▶ EXERCISE
This task asks for the lines from the one with "Cerimonia di posa Cornerstone, edificio" to the final line below, repeated exactly, with pictures omitted.

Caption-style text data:
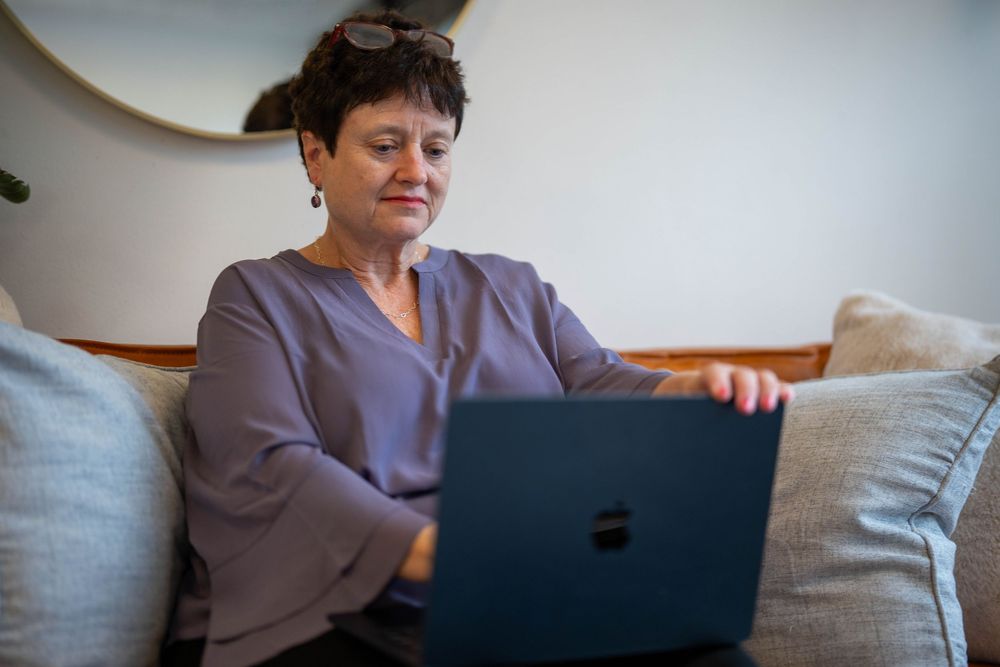 Person sitting on couch working on laptop in casual setting.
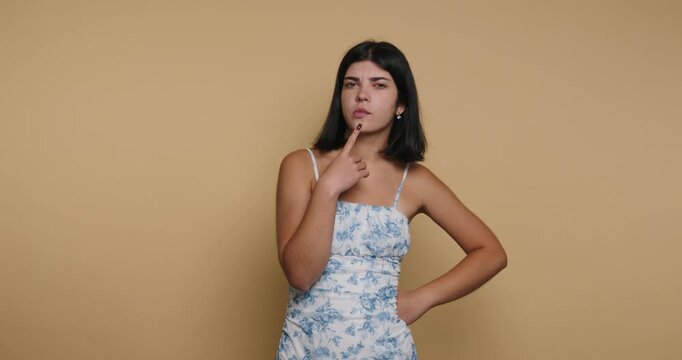 Woman thinks and poses in four different frames against a plain background in a basic studio setting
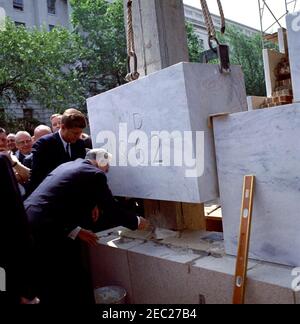 Cerimonia di posa Cornerstone, edificio degli uffici della Casa di Rayburn, 10:28. Il Presidente John F. Kennedy guarda il Presidente della Camera dei rappresentanti e il Presidente della Commissione per la costruzione degli uffici della Camera, John W. McCormack (Massachusetts), partecipare alla cerimonia di posa della pietra angolare per il Rayburn House Office Building, dedicato al defunto Presidente della Camera, Sam Rayburn. Rappresentante Charles MCC. Mathias, Jr., del Maryland guarda sopra (parzialmente nascosto dietro il presidente Kennedy). Washington, D.C. Foto Stock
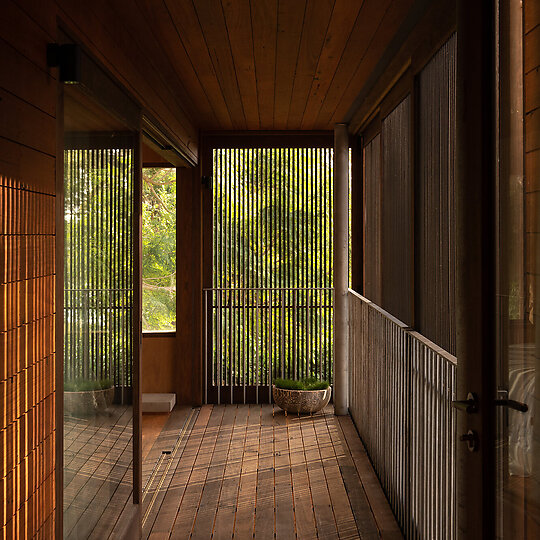 Interior photograph of Bayview Tree House by The first floor balcony, with sliding timber battens allow for circulation and light, simultaneously connecting the surrounding bushland. Photographer: Luke Shadbolt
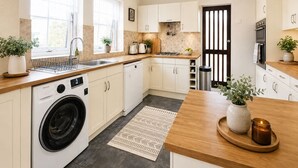 A modern kitchen with a washing machine, a stove, and a sink. - Manor Road Retreat | Modern | Sleeps 5 (London Colney)
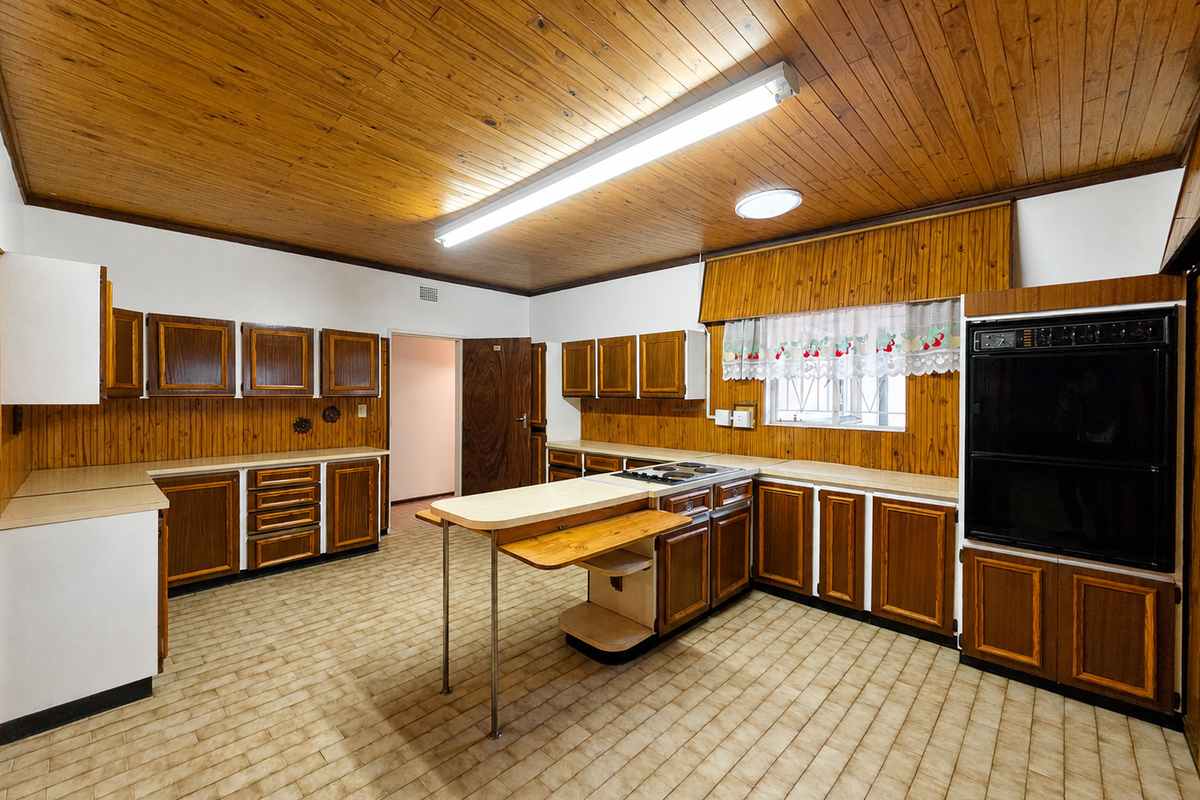 Spacious kitchen featuring extensive wooden cabinetry, built-in oven, electric hob, and classic wood-paneled ceilings, offering a functional layout ready for modern updates.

▶ ANSWER BELOW
 Cerimonia di posa Cornerstone, edificio degli uffici della Casa di Rayburn, 10:28. Il Presidente John F. Kennedy guarda il Presidente della Camera dei rappresentanti e il Presidente della Commissione per la costruzione degli uffici della Camera, John W. McCormack (Massachusetts), partecipare alla cerimonia di posa della pietra angolare per il Rayburn House Office Building, dedicato al defunto Presidente della Camera, Sam Rayburn. Rappresentante Charles MCC. Mathias, Jr., del Maryland guarda sopra (parzialmente nascosto dietro il presidente Kennedy). Washington, D.C. Foto Stock
 Interior photograph of Bayview Tree House by The first floor balcony, with sliding timber battens allow for circulation and light, simultaneously connecting the surrounding bushland. Photographer: Luke Shadbolt
 A modern kitchen with a washing machine, a stove, and a sink. - Manor Road Retreat | Modern | Sleeps 5 (London Colney)
 Spacious kitchen featuring extensive wooden cabinetry, built-in oven, electric hob, and classic wood-paneled ceilings, offering a functional layout ready for modern updates.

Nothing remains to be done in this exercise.